So, @missy @rambo and @lyxzen- this year I have resolved to not to leave my happiness up to chance! 2014 was rough. It started with a breakup, and developed into a freak accident involving a tree on my car, another car failing on me as soon as I got it, and most traumatically- an attempted murder/arson in my home (for real). Many things in 2014 were out of my hands... I feel like there's often a sense, at least for me, that I deserve a good year after a bad one, and then I'm surprised when the new year is even tougher than the last!!
To that I say: NO MORE OF THIS FOOLISHNESS!!!
I'm 25, and I've started to feel like I've been letting my youth slip through my fingers- now, I'm ready to apply the experiences I've gained through much work and not a lot of adventure to my own sense of pure happiness.
I've never been very impulsive, besides my tattoos and my hair changes. I've always been a homebody. So this year I've resolved to: Live adventurously.
Step 1: Quit the job you no longer want. I'll be working nights as a barista, but I've freed my days by leaving my office work for dog and craft time =D
Step 2: Book flights just cus they're wicked cheap right now. See some place you've never seen.
Furthermore,
I'm looking into traveling to India with my non-profit in fucking March (Holi!!!)!! Now, that could be the most impulsive and nurturing thing I'll ever do for myself!! More. On. That. Soon!
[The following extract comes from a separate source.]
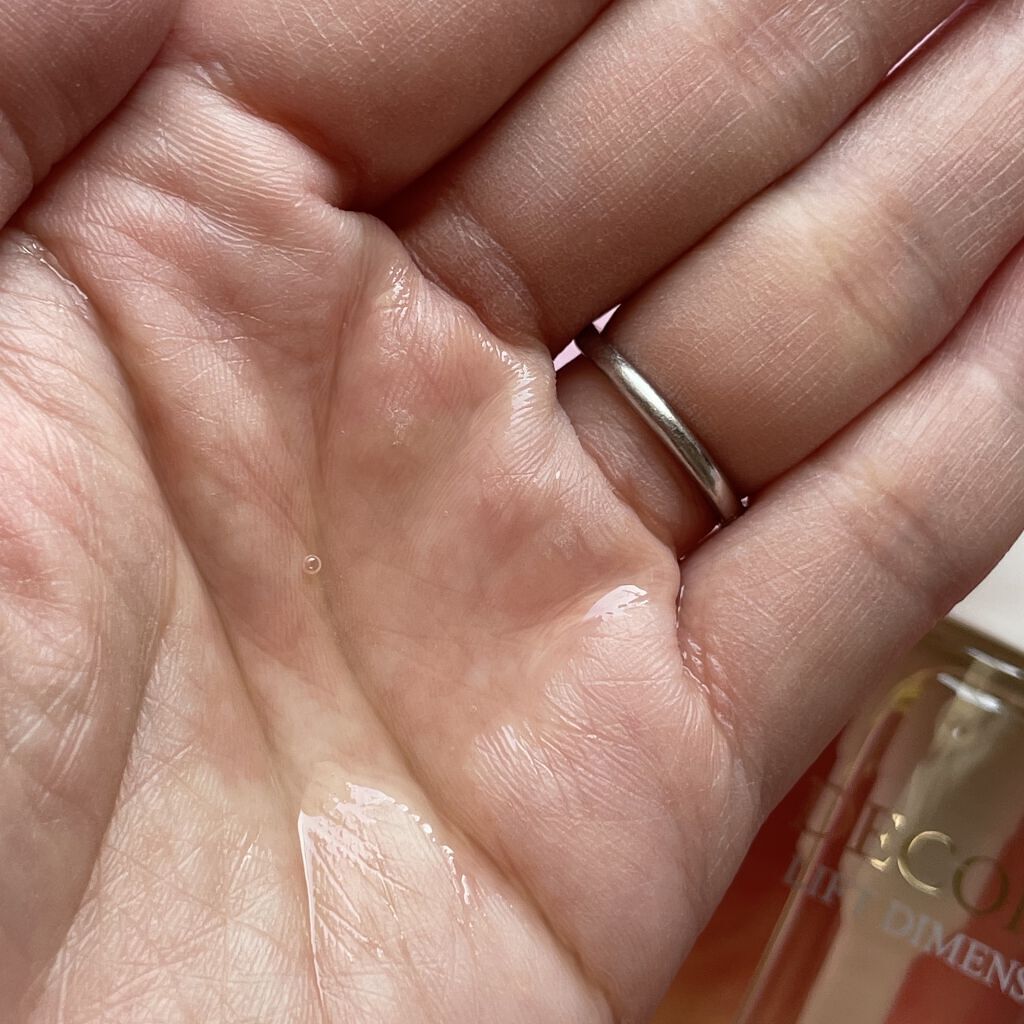 DECORTÉ リフトディメンション スムージング クレンジングオイルのクチコミ「DECORTÉ
︎︎︎︎☑︎リフトディメンション スムージング クレンジングオイル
In addition to this, I've resolved to:
Gain fulfillment in learning a trade rather than feeding my vices embracing a Negative Vice:
I've been dicking around with stones and wire for the past few months, and I'd love to continue climbing this mountain through some classes. So far, it's been amazing to see the results of my novice creations. Jewelry and blacksmithery was my family biz back in the day, I'm excited to embrace my future through paying homage to my past <3
Basically, things are gonna be different this year- things are gonna be better, but not because things must be on some imaginary upswing, but because with a new perspective, I'll be able to handle any bad,better!
My happiness will come from within, as I let go of old grudges, and take real action in my life!
Dear 2015,
Do your worst!!
(Stopping myself now, because all my hippie optimism talk might give us all granola fever!!)